- Task goal -
Retype the listing exactly, minus its pictures.

- Source data -
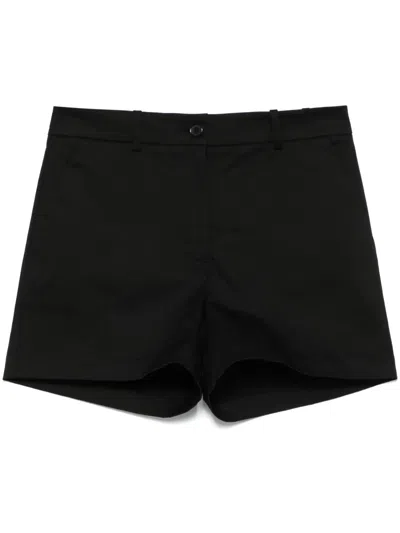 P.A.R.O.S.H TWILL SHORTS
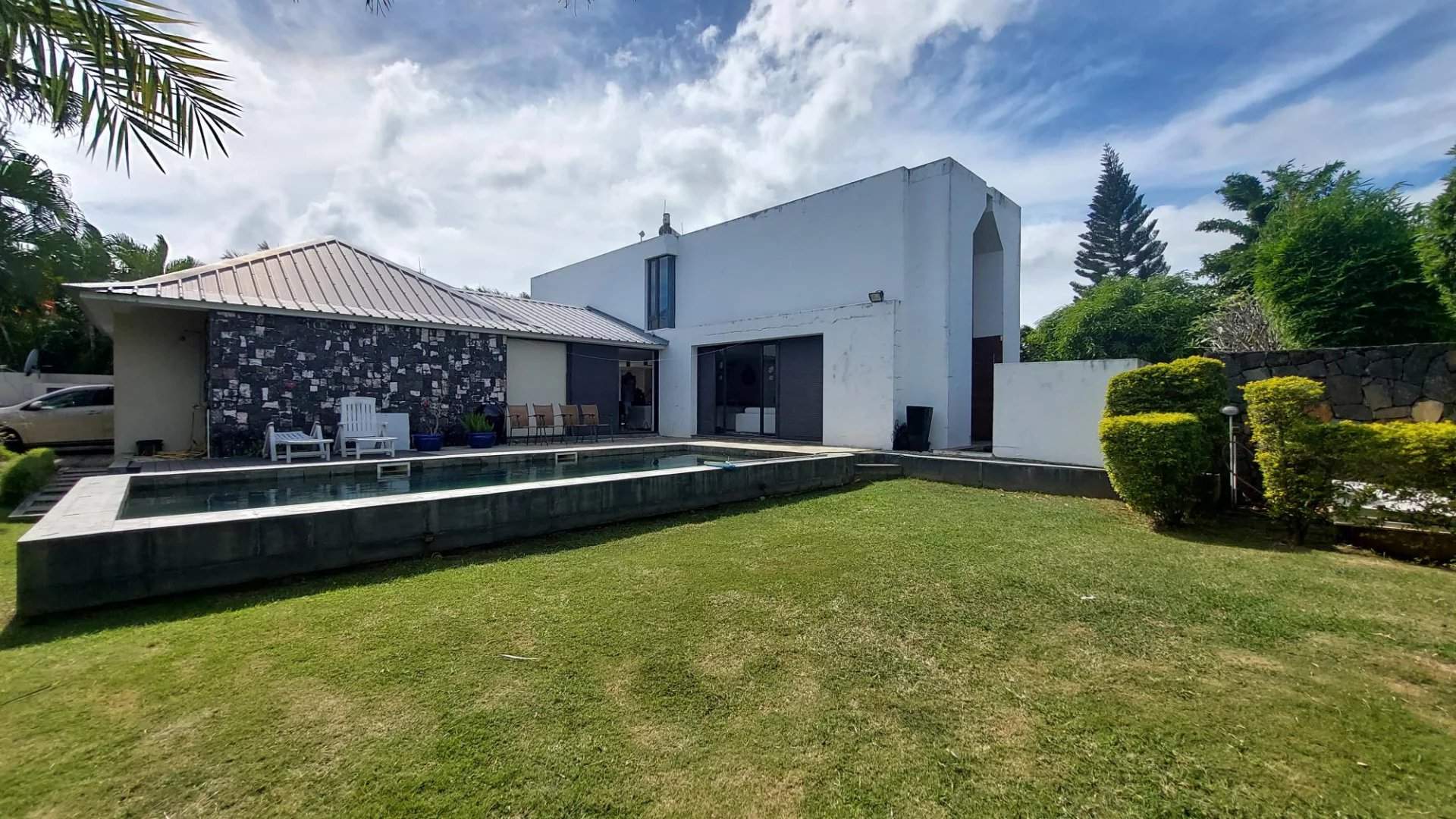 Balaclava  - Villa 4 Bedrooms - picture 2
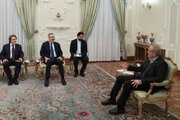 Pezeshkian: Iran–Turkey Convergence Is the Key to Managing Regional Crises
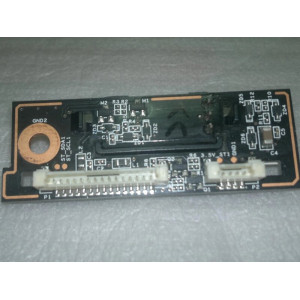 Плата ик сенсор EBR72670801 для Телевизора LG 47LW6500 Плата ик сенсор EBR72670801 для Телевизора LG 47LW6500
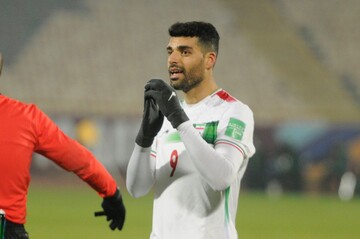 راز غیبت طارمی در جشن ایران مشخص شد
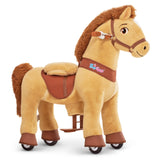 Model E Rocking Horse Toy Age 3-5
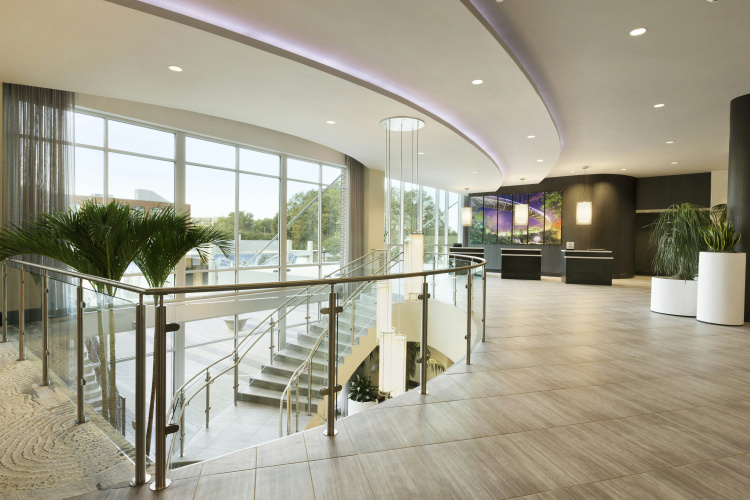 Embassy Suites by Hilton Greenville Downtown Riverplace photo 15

- Response for this exercise -
 P.A.R.O.S.H TWILL SHORTS
 Balaclava  - Villa 4 Bedrooms - picture 2
 Pezeshkian: Iran–Turkey Convergence Is the Key to Managing Regional Crises
 Плата ик сенсор EBR72670801 для Телевизора LG 47LW6500 Плата ик сенсор EBR72670801 для Телевизора LG 47LW6500
 راز غیبت طارمی در جشن ایران مشخص شد
 Model E Rocking Horse Toy Age 3-5
 Embassy Suites by Hilton Greenville Downtown Riverplace photo 15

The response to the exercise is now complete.